Anzi diciamo chiaramente che la Facoltà aretina di Lettere e Filosofia non può più permettersi di crearsi degli alibi per camuffare la propria condotta.  Oggi una Facoltà (uso di proposito la vecchia terminologia) sussiste soltanto se può contare su una base minima di trentacinque docenti. La facoltà che ha sede in Arezzo rischia di andare sotto questa soglia e questo accade per due motivi: il primo è fisiologico ed è dato dal progressivo invecchiamento del corpo docente che, negli ultimi anni, ha portato a numerosi pensionamenti; il secondo è dato dall’eventuale diaspora di docenti che avrebbero manifestato l’intenzione di trasferirsi nella Facoltà gemella nella sede centrale di Siena.

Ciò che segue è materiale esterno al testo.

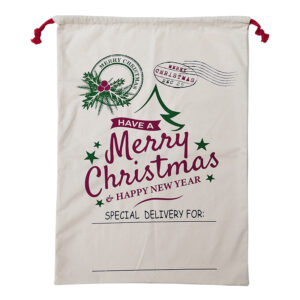 50x70cm Canvas Hessian Christmas Santa Sack Xmas Stocking Reindeer Kids Gift Bag  Cream - Happy New Year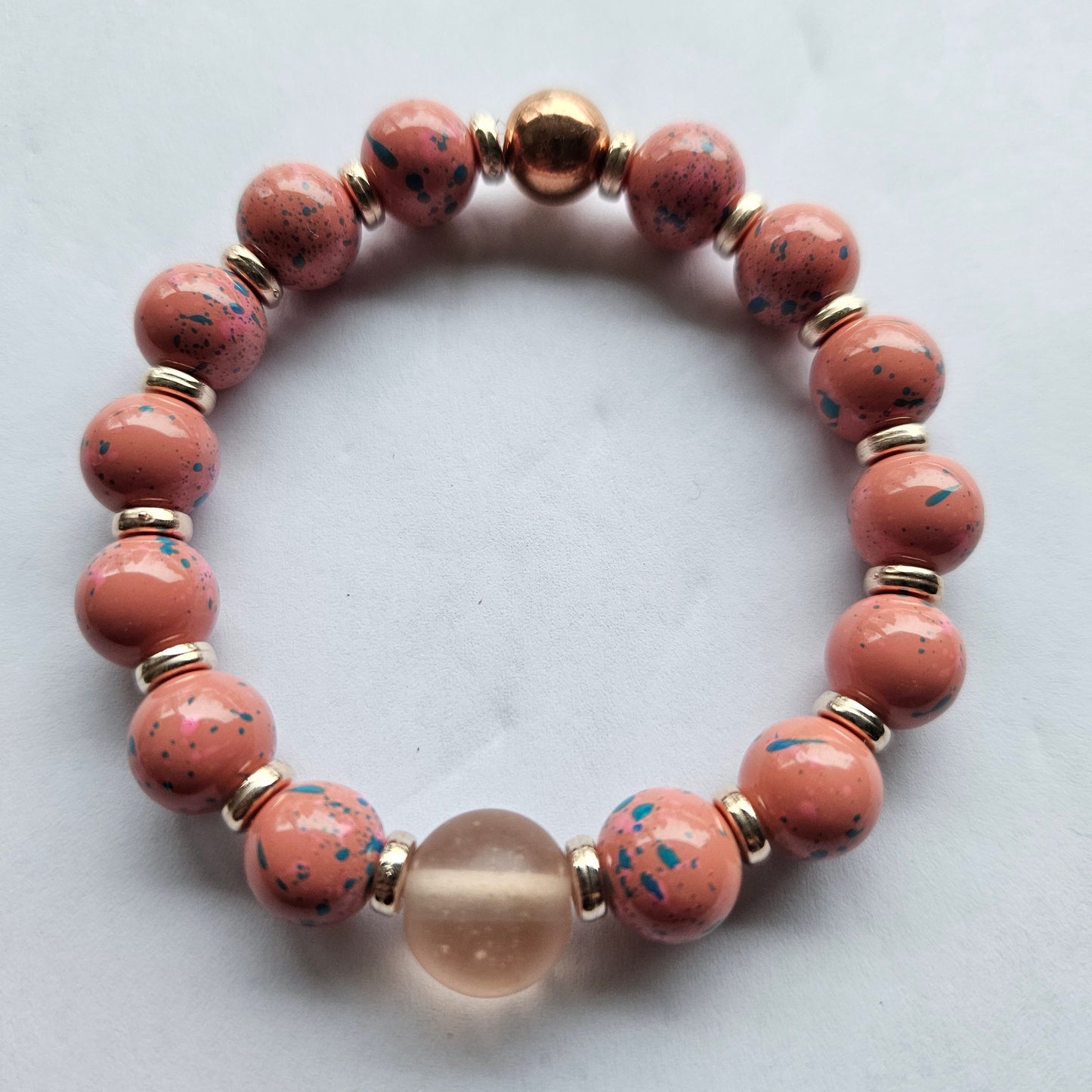 Perlenarmbänder 3 Stück Rose Stein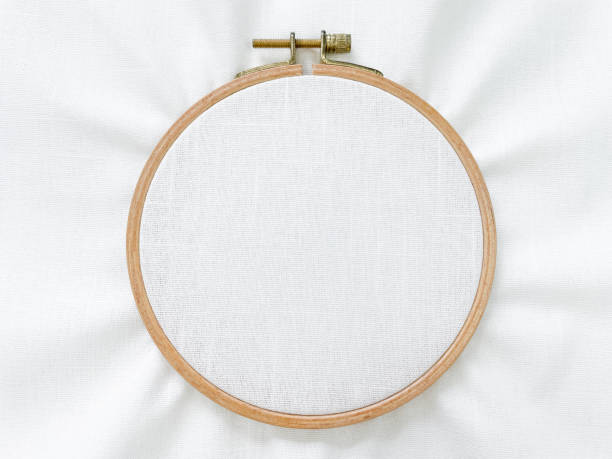 istock white linen fabric textile with wooden embroidery hoop 1764645323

Ho avuto modo di ricordare in altre occasioni che la Facoltà aretina ha compiuto in passato l’errore esiziale di appiattirsi, anche nominalmente, sulla Facoltà di Lettere presente nella città di Siena. Tutti i doppioni, si sa, sono come il dottor Jekyll e il signor Hyde: c’è il bello ed il brutto, il buono e il cattivo. Poiché in tempi di crisi le facoltà distaccate finiscono fatalmente dalla parte di Hyde, sembra che il rispettabile palazzo senese del dottor Jekill eserciti un’attrazione fatale. Non so fino a che punto il Preside in prima istanza, e quindi il Rettore, si assumano la responsabilità di avvallare atti che possono portare, o comunque contribuirvi, al naufragio di una struttura complessa come una Facoltà universitaria che è da anni una risorsa non indifferente, in tutti i sensi, per la città. L’Università di Siena si è già alleggerita di due “lauree brevi” che avevano sede in Arezzo, e pertanto non può farsi corresponsabile della cancellazione di un suo insediamento più che quarantennale.

C’è infine l’aspetto più delicato della questione che coinvolge la scelta individuale delle persone. Data per scontata la libertà di trasferirsi da una sede all’altra del medesimo Ateneo, è così facile per un docente recidere i mille legami che ha intessuto con il luogo nel quale ha insegnato ed insegna, con gli studenti con i quali ha condiviso il proprio sapere, con il personale non docente che gli è stato sempre di aiuto, con la città intera che lo ha accolto? Pur con la sua aria scontrosa, la città di Arezzo ha sempre considerato i docenti che sono venuti ad insegnare nella “sua” Facoltà un imprescindibile arricchimento culturale. Ha riconosciuto nella loro presenza una potenziale, e in molte occasioni effettiva, circolazione di iniziative e di idee, e in questo ha investito le proprie risorse.  Ora la palla è in mano, come si dice, alla Facoltà che si trova ad essere arbitro del proprio destino, e questa volta non può sperare in una prova d’appello.